▶ Work item
In the records below, find the line with "Il est temps" and repeat exactly every line from it through the line with "14kt Gold Filled". Pictures stay out.

Data extracted from a collection
= = = =
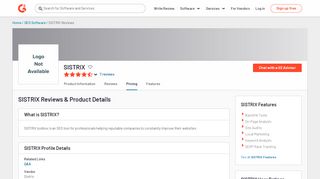 
                            9. SISTRIX Reviews 2019: Details, Pricing, & Features | G2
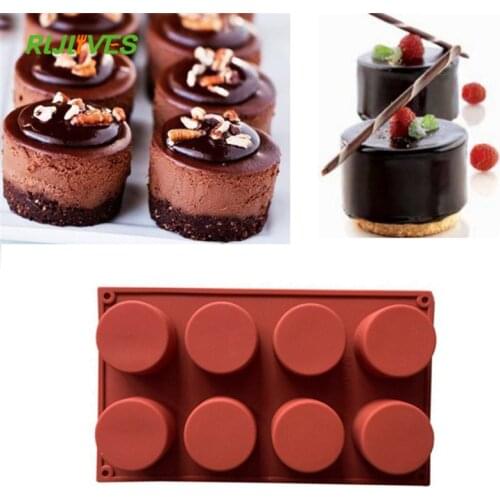 8 Holes Round Silicone Cake Mold 3D Handmade Cupcake Jelly Cookie Mini Muffin Soap Maker DIY Baking Tools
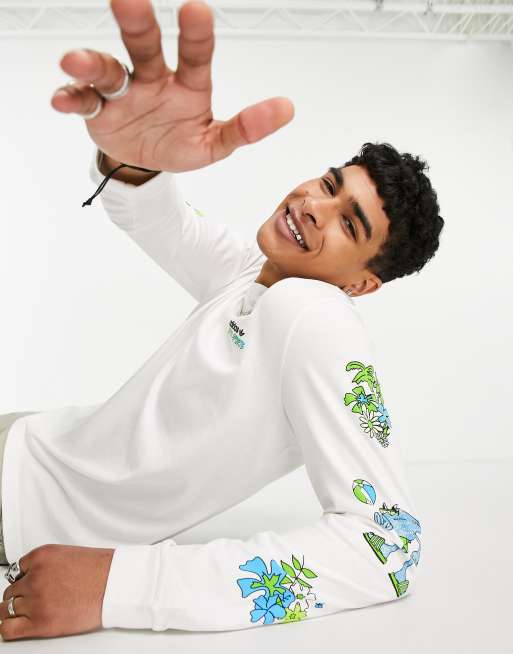 adidas Originals - Stoked - Top met lange mouwen en grafische vissenprint op de mouw in wit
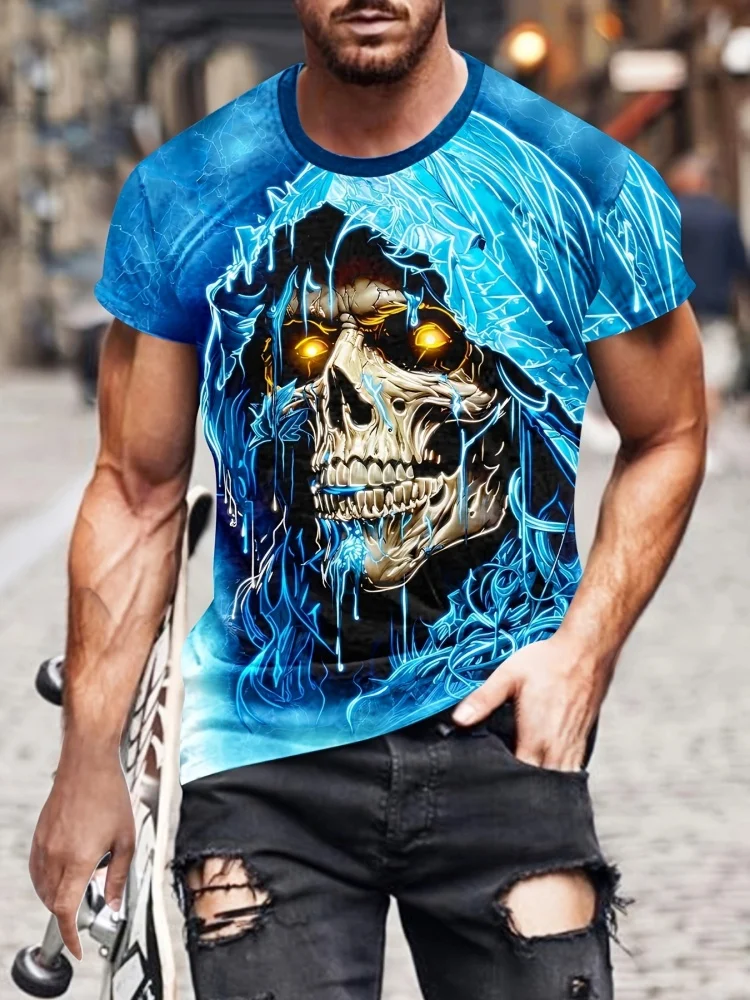 

Мужская футболка с принтом черепа, повседневные футболки с коротким рукавом и круглым вырезом, модная мужская футболка, уличная свободная повседневная удобная одежда, топы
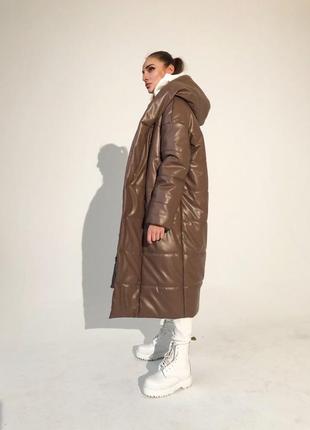 Зима!! куртка пальто с капюшоном кожа с поясом длинное теплое кэмел коричневая шоколад черная бежевая песочная молоко сирень оливка лаванда3 фото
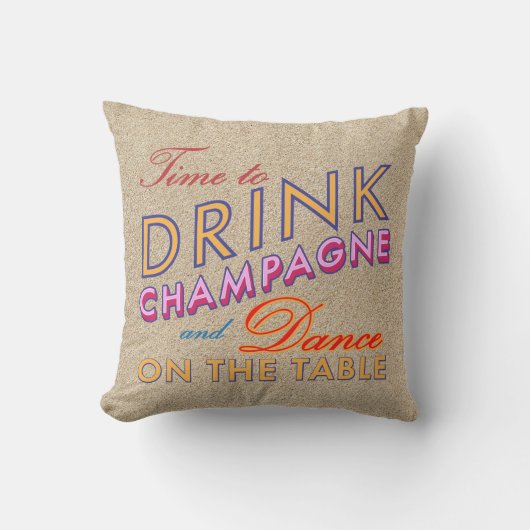 Il est temps de boire Champagne Beach Sand Coussin (Recto)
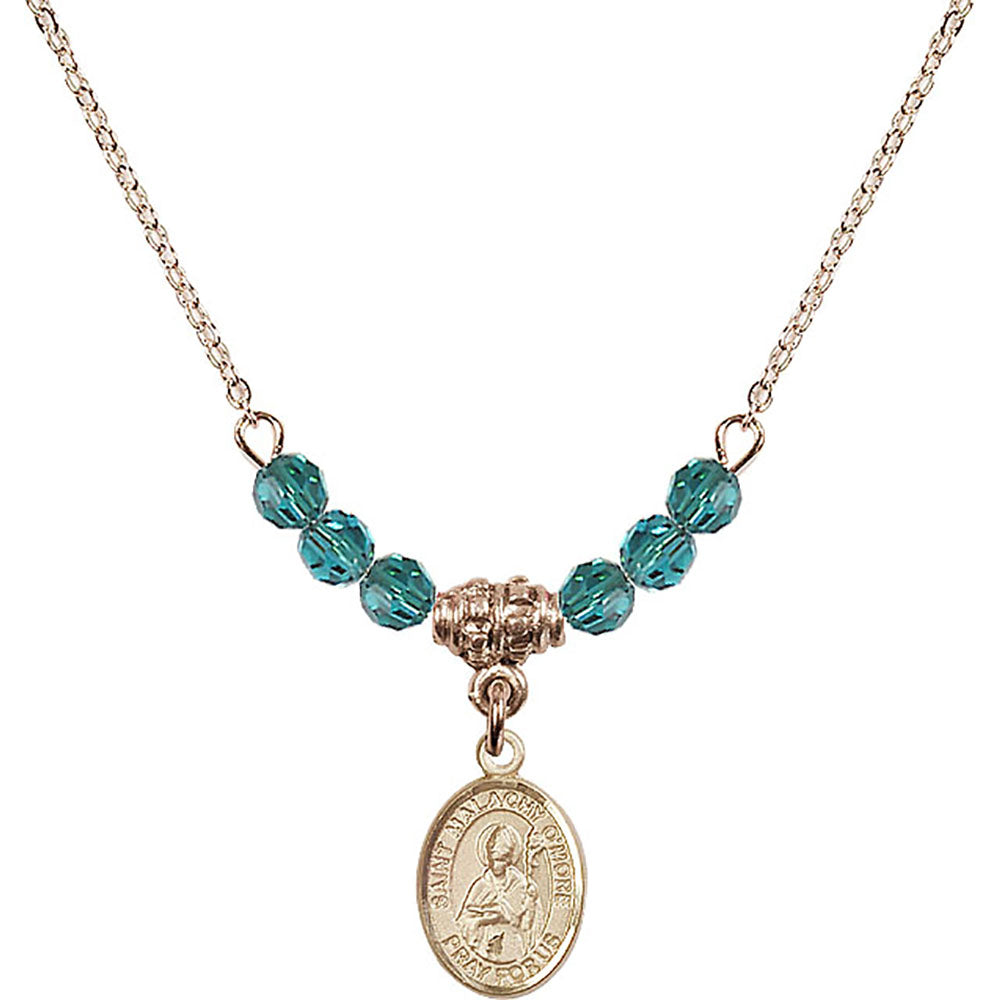 14kt Gold Filled Saint Malachy O'More Birthstone Necklace with Zircon Beads - 9316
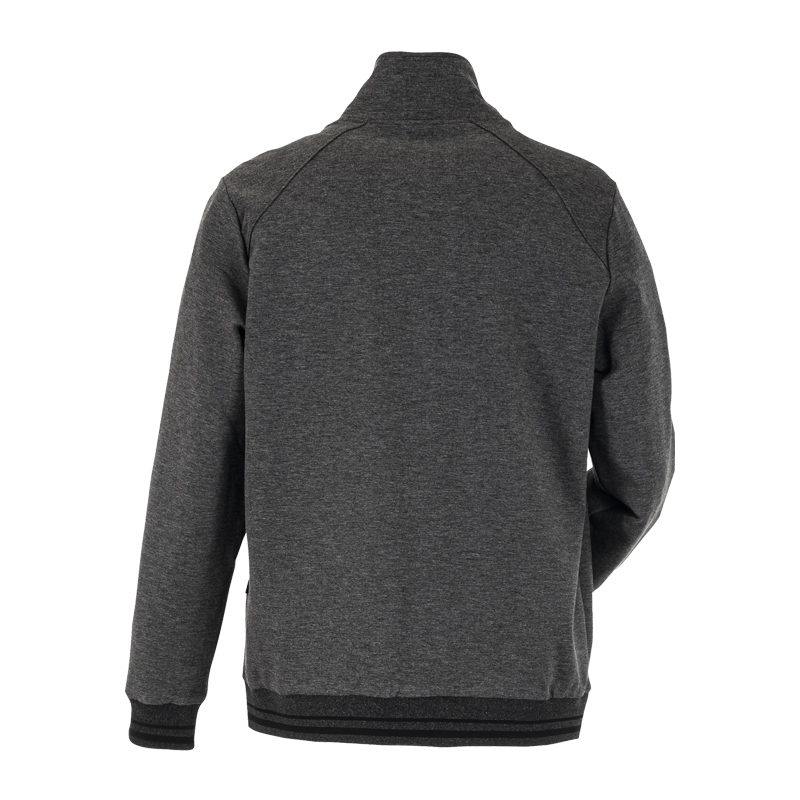 Rückansicht der Planam Outdoor Match Jacke mit Strickbündchen in grau meliert, funktionale Outdoor-Arbeitsjacke mit Stehkragen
= = = =
▶ Exercise response
 Il est temps de boire Champagne Beach Sand Coussin (Recto)
 14kt Gold Filled Saint Malachy O'More Birthstone Necklace with Zircon Beads - 9316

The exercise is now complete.